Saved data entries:
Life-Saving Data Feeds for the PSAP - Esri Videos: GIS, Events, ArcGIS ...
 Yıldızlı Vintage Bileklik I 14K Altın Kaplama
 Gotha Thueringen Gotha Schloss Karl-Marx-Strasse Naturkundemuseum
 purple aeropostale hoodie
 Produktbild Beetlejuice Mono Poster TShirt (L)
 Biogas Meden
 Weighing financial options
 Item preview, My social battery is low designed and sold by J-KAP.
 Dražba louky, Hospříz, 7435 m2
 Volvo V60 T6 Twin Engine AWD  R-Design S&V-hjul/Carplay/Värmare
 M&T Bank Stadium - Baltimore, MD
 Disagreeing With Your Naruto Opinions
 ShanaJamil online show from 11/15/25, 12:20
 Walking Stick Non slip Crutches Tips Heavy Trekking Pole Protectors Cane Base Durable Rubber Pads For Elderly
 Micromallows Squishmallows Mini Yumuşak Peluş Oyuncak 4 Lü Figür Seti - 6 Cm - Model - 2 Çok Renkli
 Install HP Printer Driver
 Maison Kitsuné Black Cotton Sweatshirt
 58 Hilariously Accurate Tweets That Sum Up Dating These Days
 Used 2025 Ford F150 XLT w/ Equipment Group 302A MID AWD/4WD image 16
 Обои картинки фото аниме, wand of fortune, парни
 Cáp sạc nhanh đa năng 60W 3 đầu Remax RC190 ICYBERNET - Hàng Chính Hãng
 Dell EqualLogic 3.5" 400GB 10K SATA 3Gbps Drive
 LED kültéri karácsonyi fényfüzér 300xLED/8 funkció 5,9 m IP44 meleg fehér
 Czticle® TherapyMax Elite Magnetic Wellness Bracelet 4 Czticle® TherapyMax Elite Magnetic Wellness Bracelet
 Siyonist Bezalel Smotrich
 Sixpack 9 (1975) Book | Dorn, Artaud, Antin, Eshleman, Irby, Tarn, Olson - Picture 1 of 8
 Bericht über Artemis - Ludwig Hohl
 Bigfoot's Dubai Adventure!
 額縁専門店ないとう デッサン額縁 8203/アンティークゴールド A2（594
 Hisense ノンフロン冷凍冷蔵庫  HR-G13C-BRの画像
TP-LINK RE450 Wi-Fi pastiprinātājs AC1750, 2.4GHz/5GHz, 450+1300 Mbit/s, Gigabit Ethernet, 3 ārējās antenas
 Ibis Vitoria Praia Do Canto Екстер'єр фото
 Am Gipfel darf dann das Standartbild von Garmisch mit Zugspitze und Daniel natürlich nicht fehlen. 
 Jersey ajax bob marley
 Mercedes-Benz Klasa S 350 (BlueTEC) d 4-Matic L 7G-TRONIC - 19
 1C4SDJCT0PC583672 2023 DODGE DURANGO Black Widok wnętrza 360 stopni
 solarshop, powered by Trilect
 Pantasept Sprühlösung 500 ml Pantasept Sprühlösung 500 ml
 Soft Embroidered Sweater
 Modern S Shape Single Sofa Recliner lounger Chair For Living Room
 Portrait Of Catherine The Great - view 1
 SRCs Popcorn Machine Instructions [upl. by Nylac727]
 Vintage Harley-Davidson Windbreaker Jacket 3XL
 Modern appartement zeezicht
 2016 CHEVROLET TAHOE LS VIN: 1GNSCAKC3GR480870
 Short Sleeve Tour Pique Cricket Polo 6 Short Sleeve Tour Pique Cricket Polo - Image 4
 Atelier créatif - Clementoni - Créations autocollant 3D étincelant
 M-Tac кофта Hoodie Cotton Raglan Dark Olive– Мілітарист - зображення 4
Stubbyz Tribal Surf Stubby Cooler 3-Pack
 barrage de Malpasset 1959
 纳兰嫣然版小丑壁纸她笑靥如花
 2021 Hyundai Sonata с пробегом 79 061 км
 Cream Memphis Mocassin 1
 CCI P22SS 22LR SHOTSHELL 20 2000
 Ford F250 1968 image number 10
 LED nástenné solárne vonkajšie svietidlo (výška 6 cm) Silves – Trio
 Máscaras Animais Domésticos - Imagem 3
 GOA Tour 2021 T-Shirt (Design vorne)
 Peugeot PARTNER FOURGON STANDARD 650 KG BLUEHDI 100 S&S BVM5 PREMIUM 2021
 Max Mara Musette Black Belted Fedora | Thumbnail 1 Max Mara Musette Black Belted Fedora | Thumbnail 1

* Problem description:
Copy word for word the stretch of entries above from the line that has "Pantasept Sprühlösung 500 ml Pantasept" through the line that has "Peugeot PARTNER FOURGON", both ends included, and nothing outside it.

* Result:
 Pantasept Sprühlösung 500 ml Pantasept Sprühlösung 500 ml
 Soft Embroidered Sweater
 Modern S Shape Single Sofa Recliner lounger Chair For Living Room
 Portrait Of Catherine The Great - view 1
 SRCs Popcorn Machine Instructions [upl. by Nylac727]
 Vintage Harley-Davidson Windbreaker Jacket 3XL
 Modern appartement zeezicht
 2016 CHEVROLET TAHOE LS VIN: 1GNSCAKC3GR480870
 Short Sleeve Tour Pique Cricket Polo 6 Short Sleeve Tour Pique Cricket Polo - Image 4
 Atelier créatif - Clementoni - Créations autocollant 3D étincelant
 M-Tac кофта Hoodie Cotton Raglan Dark Olive– Мілітарист - зображення 4
Stubbyz Tribal Surf Stubby Cooler 3-Pack
 barrage de Malpasset 1959
 纳兰嫣然版小丑壁纸她笑靥如花
 2021 Hyundai Sonata с пробегом 79 061 км
 Cream Memphis Mocassin 1
 CCI P22SS 22LR SHOTSHELL 20 2000
 Ford F250 1968 image number 10
 LED nástenné solárne vonkajšie svietidlo (výška 6 cm) Silves – Trio
 Máscaras Animais Domésticos - Imagem 3
 GOA Tour 2021 T-Shirt (Design vorne)
 Peugeot PARTNER FOURGON STANDARD 650 KG BLUEHDI 100 S&S BVM5 PREMIUM 2021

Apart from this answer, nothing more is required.